▶

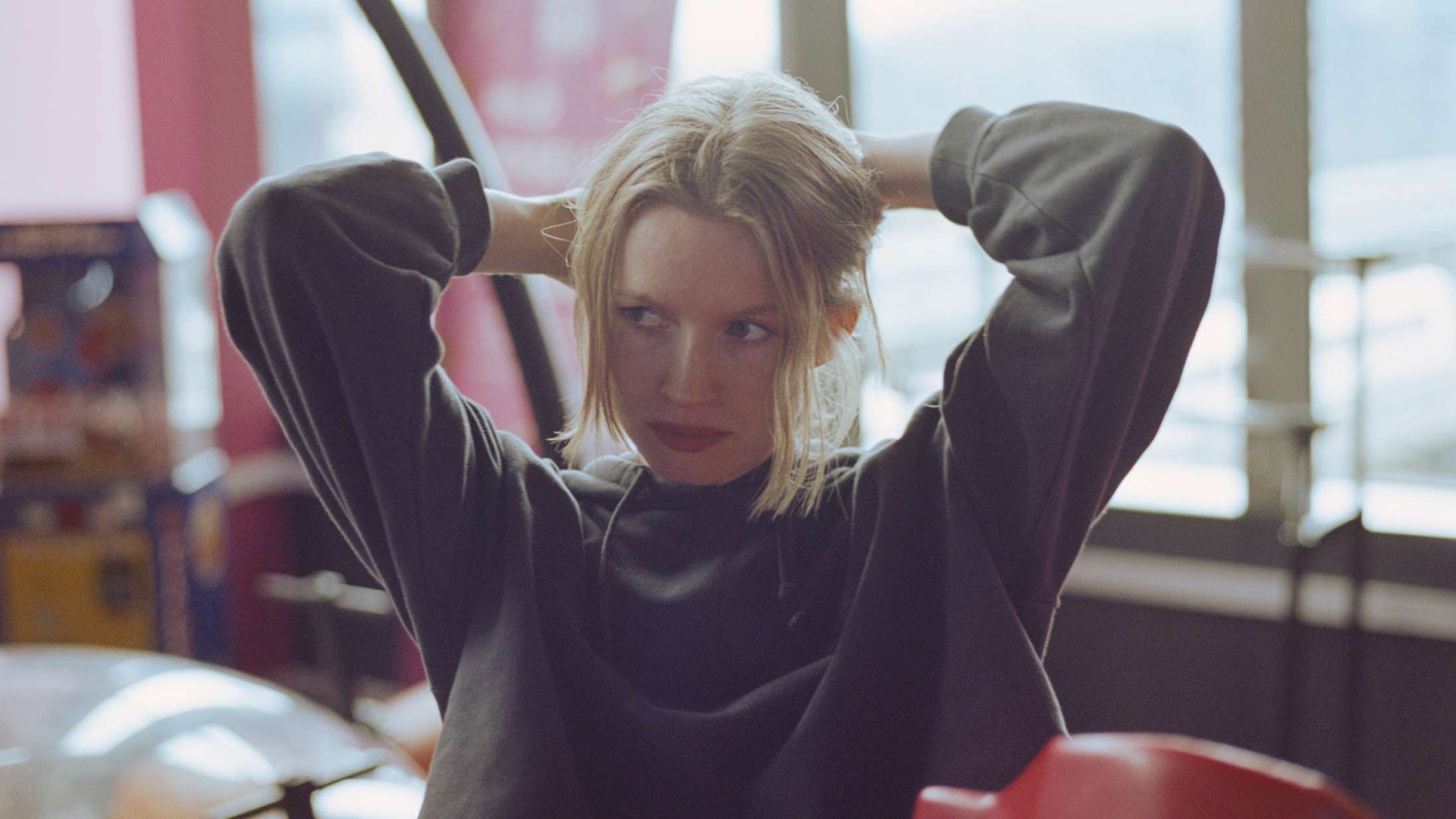 Der er krig og klimakatastrofer i ‘Spøgelsesår’, men hovedpersonens største frygt kredser om noget helt andet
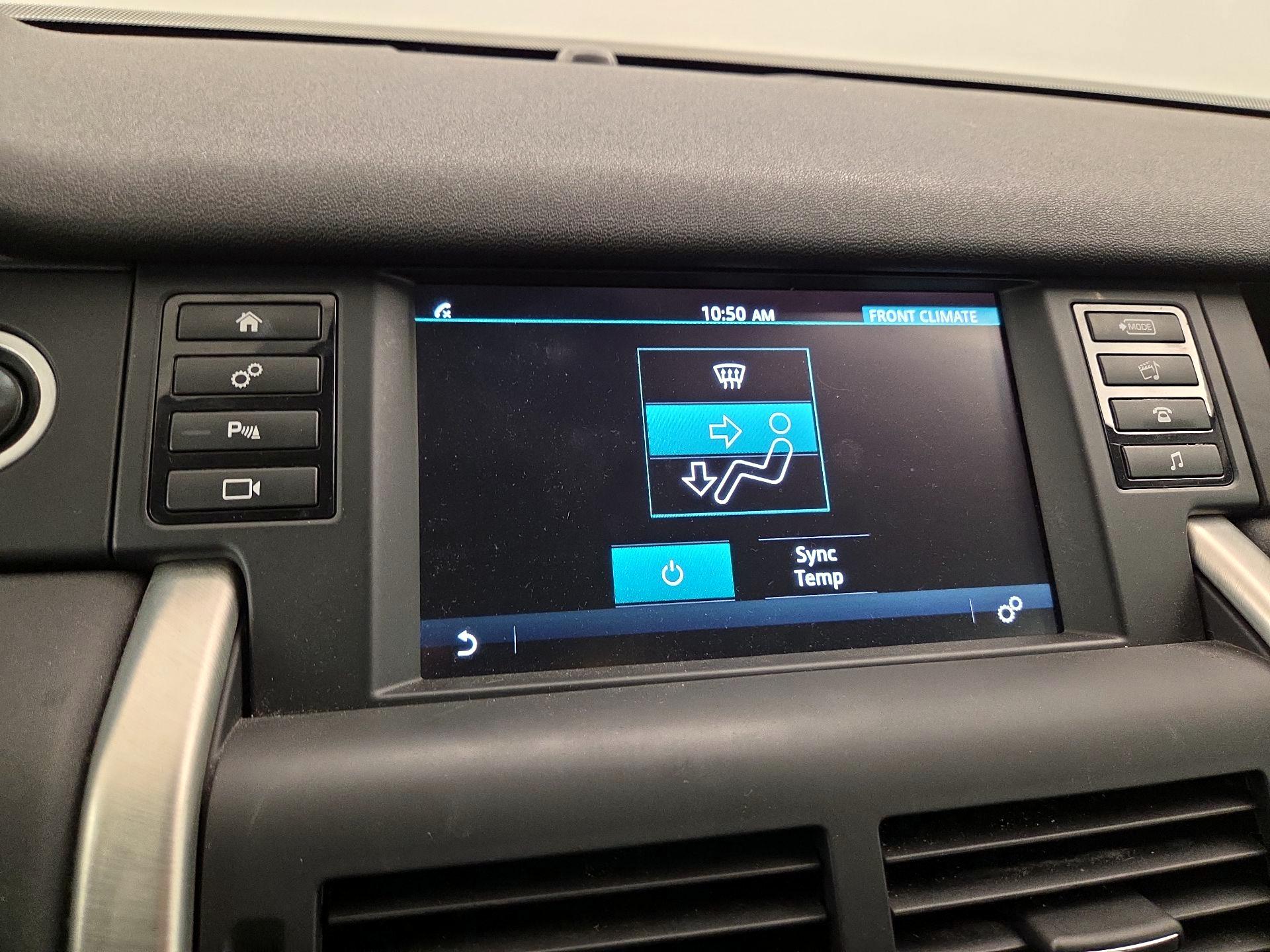 Thumbnail: 2019 Land Rover Discovery Sport - 16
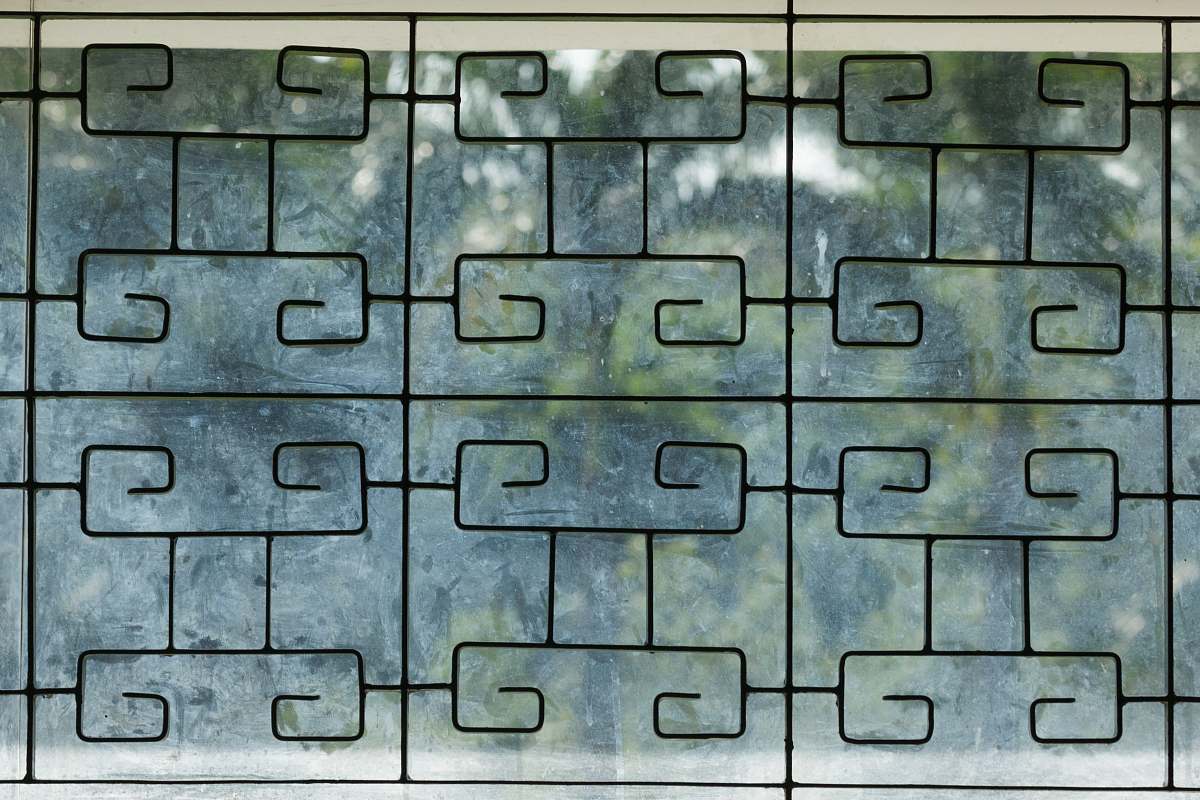 game blue and black glass board reunification palace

◀

- _Instructions for the task_
Could you transcribe all of the data exactly and omit the pictures?

- _Response area_
 Der er krig og klimakatastrofer i ‘Spøgelsesår’, men hovedpersonens største frygt kredser om noget helt andet
 Thumbnail: 2019 Land Rover Discovery Sport - 16
 game blue and black glass board reunification palace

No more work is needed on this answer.